The ‘a la carte’ theology of Darren Aronofsky

Some liberties are taken with this biblical epic

Noah (12A)

This at times apochryphal re-telling of the story of and the Great Flood has been banned in some Middle Eastern countries. Many Catholics have also been lukewarm about it on account of the fact that it plays fast and loose with the biblical events it
depicts.

Its director, Darren Aronofsky, gives us a kind of tabloid Sunday School Bible lesson in some of his montages and there are also sartorial and verbal anachronisms. In defence of Aronofsky, one has to say his intentions are honourable, whatever liberties he takes. His overall ambition is to chronicle a parable of love and redemption.

Focussing on the idea that mankind must end before it can begin again in a more purified form, Aronofsky essentially re-enacts the Garden of Eden story in a different context.

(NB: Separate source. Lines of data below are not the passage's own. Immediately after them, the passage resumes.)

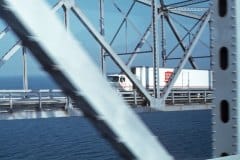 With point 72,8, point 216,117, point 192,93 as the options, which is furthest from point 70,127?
point 216,117

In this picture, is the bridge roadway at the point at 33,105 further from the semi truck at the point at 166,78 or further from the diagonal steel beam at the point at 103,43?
the semi truck at the point at 166,78

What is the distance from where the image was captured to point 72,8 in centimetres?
2627

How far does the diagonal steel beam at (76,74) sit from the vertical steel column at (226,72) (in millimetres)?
932

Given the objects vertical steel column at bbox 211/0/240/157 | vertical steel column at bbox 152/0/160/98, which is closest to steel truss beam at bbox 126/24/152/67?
vertical steel column at bbox 152/0/160/98

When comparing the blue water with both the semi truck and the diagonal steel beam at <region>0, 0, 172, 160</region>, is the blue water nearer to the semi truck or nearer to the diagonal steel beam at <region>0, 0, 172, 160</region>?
the diagonal steel beam at <region>0, 0, 172, 160</region>

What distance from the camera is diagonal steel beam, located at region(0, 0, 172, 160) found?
→ 1.40 m

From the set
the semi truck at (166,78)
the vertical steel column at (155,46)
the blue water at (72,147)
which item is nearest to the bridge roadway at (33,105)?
the blue water at (72,147)

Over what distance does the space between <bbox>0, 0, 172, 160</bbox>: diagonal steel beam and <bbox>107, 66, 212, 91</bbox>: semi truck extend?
31.7 metres

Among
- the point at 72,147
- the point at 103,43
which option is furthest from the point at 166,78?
the point at 72,147

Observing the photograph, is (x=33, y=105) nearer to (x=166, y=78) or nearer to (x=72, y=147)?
(x=72, y=147)

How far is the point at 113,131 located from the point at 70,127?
792 inches

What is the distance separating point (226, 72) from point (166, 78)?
112 feet

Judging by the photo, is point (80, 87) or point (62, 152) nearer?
point (80, 87)

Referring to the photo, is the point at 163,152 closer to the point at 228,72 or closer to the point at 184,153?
the point at 228,72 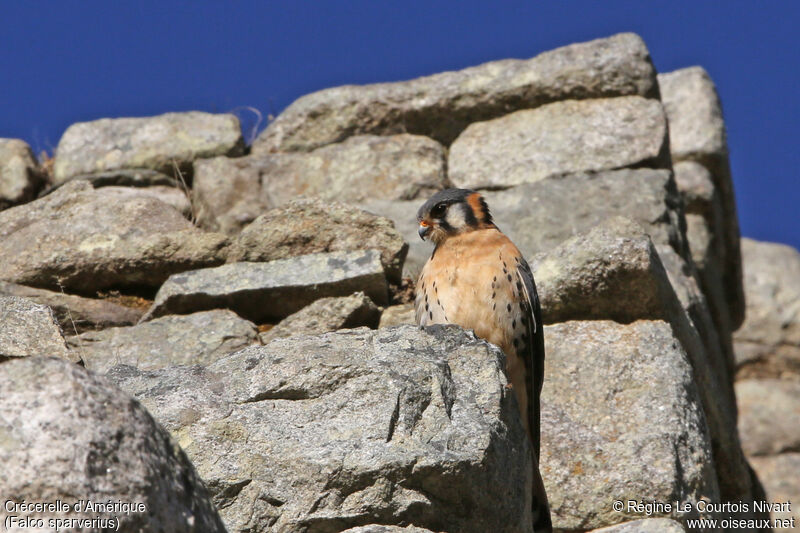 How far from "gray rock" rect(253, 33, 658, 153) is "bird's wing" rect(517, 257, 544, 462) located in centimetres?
266

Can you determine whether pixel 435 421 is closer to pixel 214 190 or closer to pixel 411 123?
pixel 214 190

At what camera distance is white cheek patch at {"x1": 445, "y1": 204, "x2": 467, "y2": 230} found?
5423 mm

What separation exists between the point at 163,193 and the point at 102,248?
3.94ft

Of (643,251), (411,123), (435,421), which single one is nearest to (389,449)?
(435,421)

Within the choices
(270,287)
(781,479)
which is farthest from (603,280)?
(781,479)

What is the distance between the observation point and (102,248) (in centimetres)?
580

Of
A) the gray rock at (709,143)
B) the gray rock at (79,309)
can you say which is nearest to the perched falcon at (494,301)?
the gray rock at (79,309)

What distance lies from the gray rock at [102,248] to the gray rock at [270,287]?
0.28 m

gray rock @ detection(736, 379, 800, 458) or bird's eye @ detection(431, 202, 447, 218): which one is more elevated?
bird's eye @ detection(431, 202, 447, 218)

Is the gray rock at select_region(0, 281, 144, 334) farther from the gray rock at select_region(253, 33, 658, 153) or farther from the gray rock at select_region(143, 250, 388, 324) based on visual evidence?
the gray rock at select_region(253, 33, 658, 153)

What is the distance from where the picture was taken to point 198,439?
11.4 ft

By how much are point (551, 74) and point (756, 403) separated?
488cm

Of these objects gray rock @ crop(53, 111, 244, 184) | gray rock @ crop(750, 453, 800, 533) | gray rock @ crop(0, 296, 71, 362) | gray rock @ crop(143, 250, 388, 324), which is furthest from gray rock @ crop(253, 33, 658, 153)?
gray rock @ crop(750, 453, 800, 533)

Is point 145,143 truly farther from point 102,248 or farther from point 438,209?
point 438,209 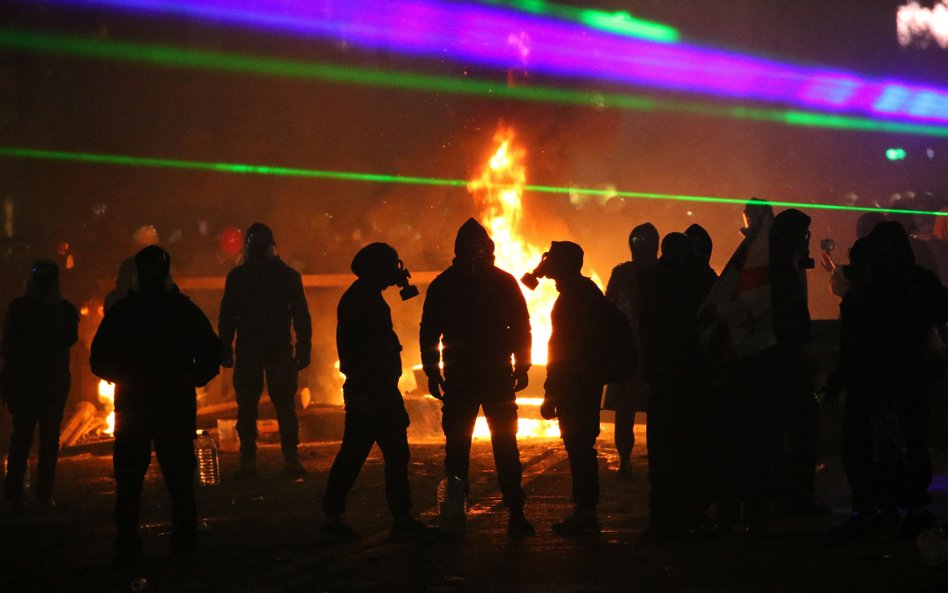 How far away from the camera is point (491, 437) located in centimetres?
707

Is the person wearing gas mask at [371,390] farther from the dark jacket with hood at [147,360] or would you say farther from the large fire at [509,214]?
the large fire at [509,214]

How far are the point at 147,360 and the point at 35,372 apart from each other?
3.47m

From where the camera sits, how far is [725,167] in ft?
89.8

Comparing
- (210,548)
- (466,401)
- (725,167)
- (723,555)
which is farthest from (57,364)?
(725,167)

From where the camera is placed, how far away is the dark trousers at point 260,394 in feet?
34.2

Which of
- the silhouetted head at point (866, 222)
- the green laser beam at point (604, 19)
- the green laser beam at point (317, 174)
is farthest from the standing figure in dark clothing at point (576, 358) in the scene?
the green laser beam at point (604, 19)

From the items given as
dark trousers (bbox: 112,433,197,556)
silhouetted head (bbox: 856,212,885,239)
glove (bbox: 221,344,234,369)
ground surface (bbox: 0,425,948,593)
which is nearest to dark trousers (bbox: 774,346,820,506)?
ground surface (bbox: 0,425,948,593)

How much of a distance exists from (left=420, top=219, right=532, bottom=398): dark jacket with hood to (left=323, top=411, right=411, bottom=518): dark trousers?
1.58 ft

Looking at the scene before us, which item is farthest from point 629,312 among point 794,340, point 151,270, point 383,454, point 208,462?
point 151,270

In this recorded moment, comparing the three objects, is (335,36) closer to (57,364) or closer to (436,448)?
(436,448)

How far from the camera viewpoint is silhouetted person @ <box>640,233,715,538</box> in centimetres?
678

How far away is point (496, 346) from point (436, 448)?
5.34m

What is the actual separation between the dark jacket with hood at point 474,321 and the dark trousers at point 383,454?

From this point of view, Ray Winstone as Tubal-cain becomes a kind of reconstructed Lucifer or even a symbol for generic evil. Noah doesn’t encounter him in the Bible but here he does. In another ‘artistic’ liberty, Winstone tempts Noah’s son to ‘eat the apple’, as it were, i.e. to wreck the Ark and scupper Noah’s regenerative mission.

Noah is played by Russell Crowe, his sonorous tones ranging from pristine to vengeful as he struggles tortuously against the task he’s been set by ‘The Creator’ (a term preferred to ‘God’ by Aronofsky). Its most worrisome feature is the fact that he feels constrained to kill the daughters of Ham (Logan Lerman) and his adoptive daughter Ila (Emma Watson) if mankind is indeed to be eradicated. Here he more resembles Abraham than Noah.

Noah is resoundingly powerful. It will probably be used as a resource for secondary teachers for their Bible classes in time to come if they can get over the obvious scriptural incongruities. Crowe grows as an actor in the part. One can accept the fact that he doesn’t look anything like 500 years old, as he is in the Bible when he has his first child.

Rarely has Watson looked as captivating, especially in close-up. She traverses a huge emotional range as she both looks forward to and fears the immanent birth of her progeny. Jennifer Connelly is equally resonant as Noah’s wife Naameh, her support for her husband waning when she realises his mission could result in the killing of their own grandchildren. 

Aronofsky keeps the tension at a high pitch as he unleashes a cornucopia of special effects on us, most particularly with The Watchers, huge rock-encrusted creatures who represent the purgatorial need to atone for one’s sins.

They do this by helping Noah to build the ark and protecting him from Tubal-cain and his ferocious army. 

These feature slightly in the Books of Daniel and Enoch. Aronofsky has created them as symbolic constructs for fallen angels. They’re said to be derived from the biblical Nephilim, or human-angel hybrids. When they die their souls go to Heaven, thereby indicating the atonement is complete.

Noah cost $130 million to make. It looks it, but considering such a budget I was surprised Aronofsky hardly features the animals in the Ark at all, content with showing them to us as they approach it.

The second half of the film is all power, the first half more ominous. Waiting for the first drop of rain to fall is a bit like waiting for the alien to arrive in a science fiction film. When it does we’re suddenly in a different film.

To quote the minimalistic Crowe, “It begins”.